Cancer can be a scary topic, but one type – cervical cancer – represents a real clinical success story. Over the millennia, we’ve graduated to a fuller understanding of how the immune system figures in this disease, which was once the second most common cancer in women.

The cervix is the bottom part of the uterus – and we’ve known about cervical cancer since Hippocrates first described it in 400 B.C. We’ve also known that this type of cancer has been associated with sexual contact since 1842, when a physician in Italy described a difference in cervical cancer incidence between abstinent nuns and other women. (This was before we knew even what caused the sexual infection.)

Thanks to the development of the Pap smear (for Papanicolaou), the 1950s and 1960s showed a decrease in the incidence of cervical cancer. We still didn’t know what caused the sexually- transmitted infection, but we could screen for pre-cancer stages and treat it before it became cancer. Thanks to this strategy, by 1994 the incidence was down to 8 cervical cancer cases per 100,000 women in the U.S.

And now another huge breakthrough is the identification of HPV (human papilloma virus) types as the major cause of cervical cancer.

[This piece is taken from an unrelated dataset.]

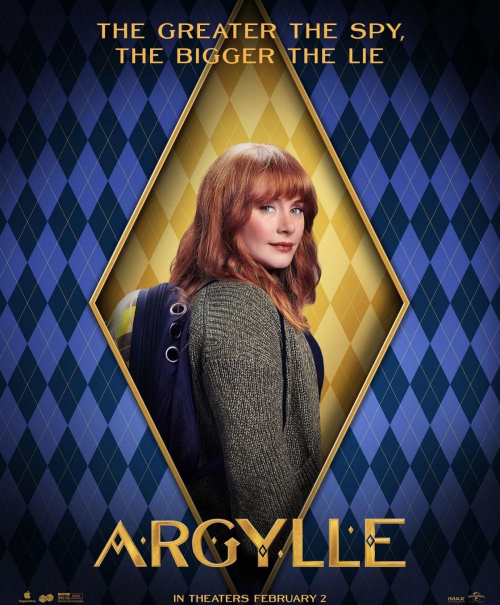 Bryce Dallas Howard – Argylle Posters and Trailer 2024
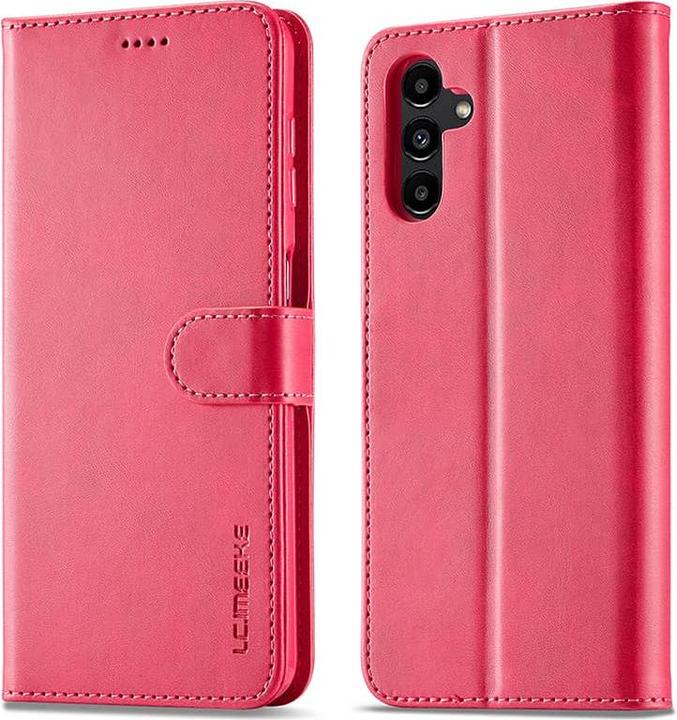 Actual product image LC.Imeeke Huawei P30 Lite - Wallet case with 3 card slots & magnetic fastener, pink (Huawei P30 Lite)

The viral types were first isolated in the 1980s; we can now screen for HPV types which are responsible for both cervical cancer (called high risk HPV types) and genital warts (called low risk HPV types). Most people with healthy immune systems can fight off the virus within two years. But when the immune system is already compromised, the body has limited ability to fight off infection, and cancer may develop. A lifetime use of condoms will decrease the risk of cervical HPV infection by 70 to 80% but will not affect the risk to infection elsewhere on the body.

Although we know a lot about the life cycle of the HPV virus, we are still isolating more and more types of the virus and understanding where it chooses to infect both men and women. Three vaccines are also available. One is a “bivalent” vaccine that protects against the two most common high risk HPV types. One is a “quadrivalent” vaccine that protects against the two most common high risk HPV types and also protects against two HPV types that are responsible for 90% of external genital warts. A newer vaccine targets nine different HPV types – hoping to expand the effectiveness of the vaccine. The key to success with these vaccines is to administer the doses before sexual activity begins, which is one reason it is recommended for girls and boys ages nine to 26.

In addition, to keep the immune system strong on a daily basis, it’s smart to live a healthy lifestyle, including good nutrition, regular exercise, good sleep patterns and taking nutritional supplements if needed.